How to Rehearse with Teleprompter/Autocue for a conference
What’s the difference between reading a paper script to an audience, and reading it off Autocue?
Not a lot, except with Autocue the audience can see the glazed eyes instead of the bald patch.
Let’s be clear – using Autocue with glass panels or monitors doesn’t do away with need for rehearsal and preparation. Teleprompt is like having notes on cards -you just glance occasionally to keep on track. So to be a good presenter, and use it effectively here’s what to do.
Read the script several times out loud – if you’ve written it yourself you’ve got a head start, but reading it aloud shows up the weaknesses, tangled sentences, and frankly even the bits where you bore yourself!
Divide it into sections making sure you know what the point is of each section.
Decide what your attitude is in each paragraph – for example, are you being positive and enthusiastic, critical and full of foreboding, or fairly neutral with non contentious material. You may well find other attitudes depending on the nature of your speech.
This will give variety in the way you present, and break it up in your mind (this incidentally makes it more interesting to present too).

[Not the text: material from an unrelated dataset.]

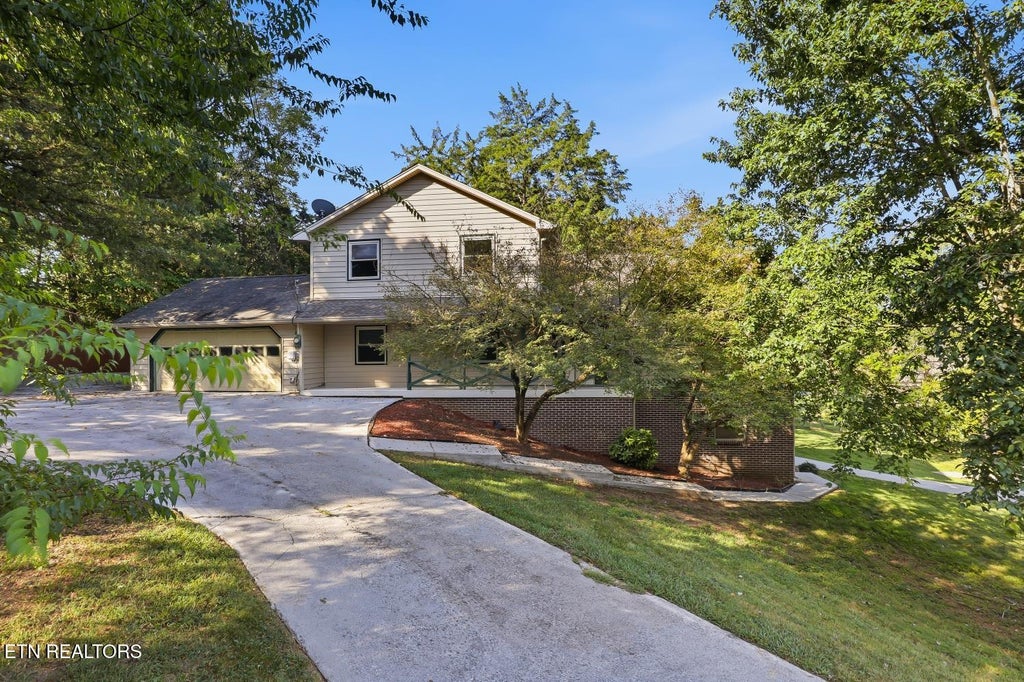 Photo of 903 Misty Springs Rd, Knoxville, TN 37932 (MLS # 1355224)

Your job is to lead the audience through those breaks, but your changes of pace, body language, tone of voice, facial expression etc. will give a lot of clues.

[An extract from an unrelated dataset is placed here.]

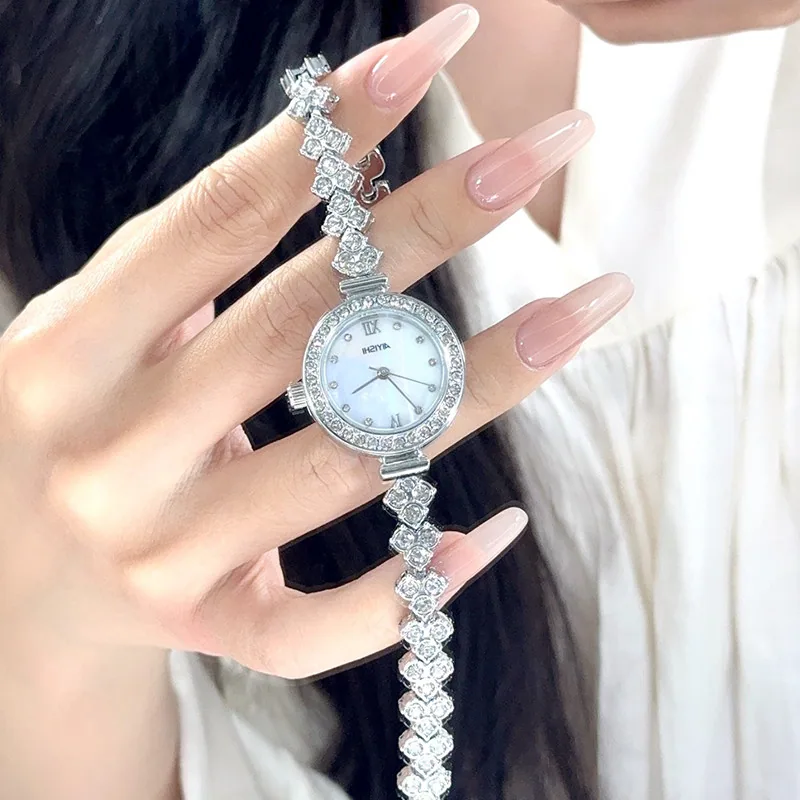 坎戈尔袋鼠轻奢小众防水石英表主图（细节图 1）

To make it look good on Teleprompt load the text in (download the free software below for rehearsal). With a fairly large font stand back from the screen(s) and see how much of the text you can deliver looking to one side or the other of the screen(s). Just come back to the screen(s) when you need to.

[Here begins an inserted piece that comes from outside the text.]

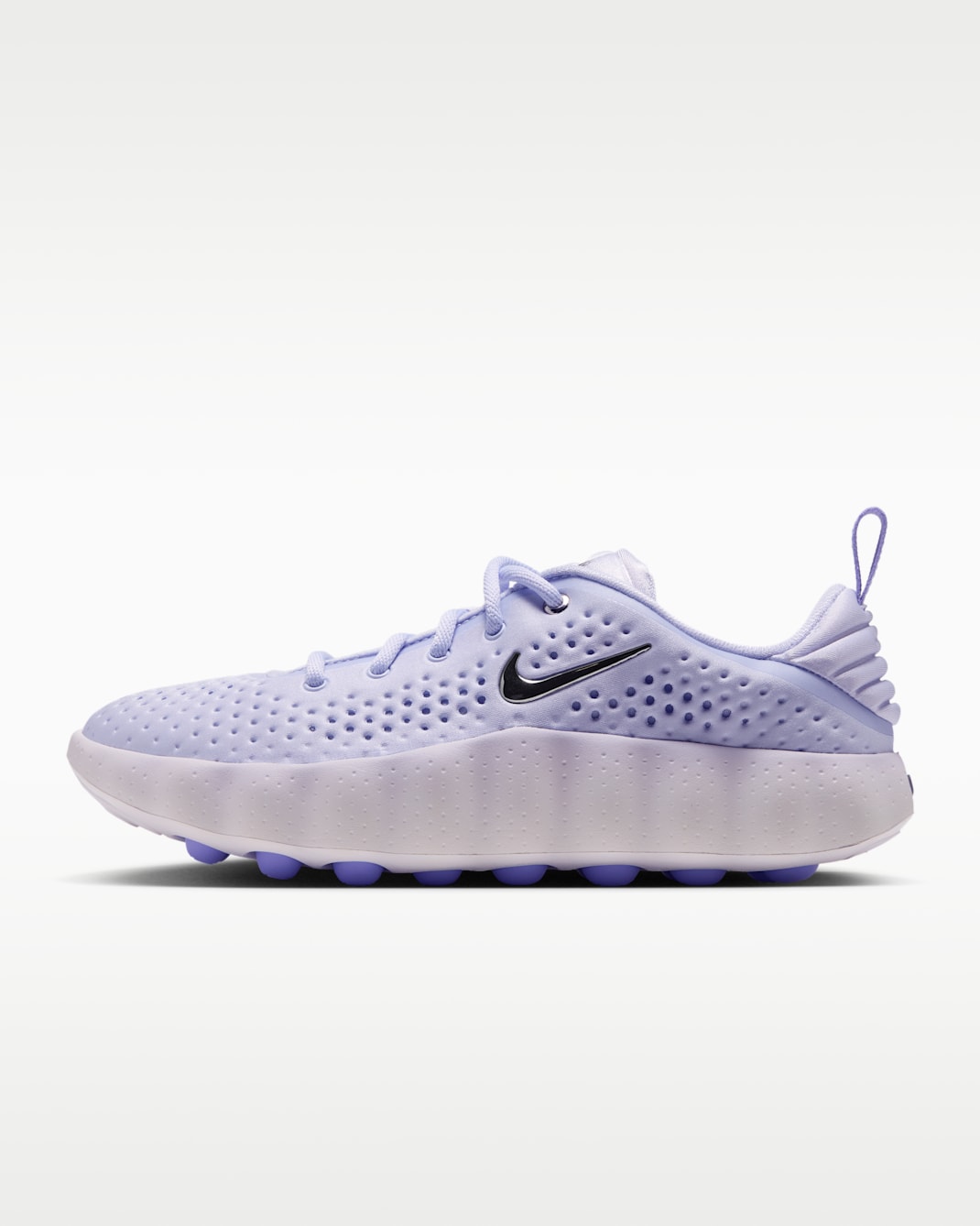 Tenis para antes del partido Nike Mind 002 para mujer - Morado muy pálido/Blanco cumbre/Morado pulso/Plata metalizado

Try to read ahead so you get a good look away from the screen(s)
At first it’s quite hard, but the more familiar you become with it, the easier it gets. Stock phrases or information you know, will be easier to deliver without looking at the screen.
Think of the screen(s) purely as reference notes. If you find you’ve slightly departed from the printed text, see if you can seamlessly get yourself back on track without panicking or stumbling over the words.
If you get a chance to rehearse with full Autocue and two screens, concentrate on talking to the whole auditorium, again just glancing at the panels for reference. This way you will have much more contact when there is an audience there. The same applies if you can freely move about the stage, and monitors are rigged at the side and rear of the auditorium. Many people will not realise you are using any from of prompt at all. Your presentation will be more interesting, have more impact, and make all that rehearsal worthwhile.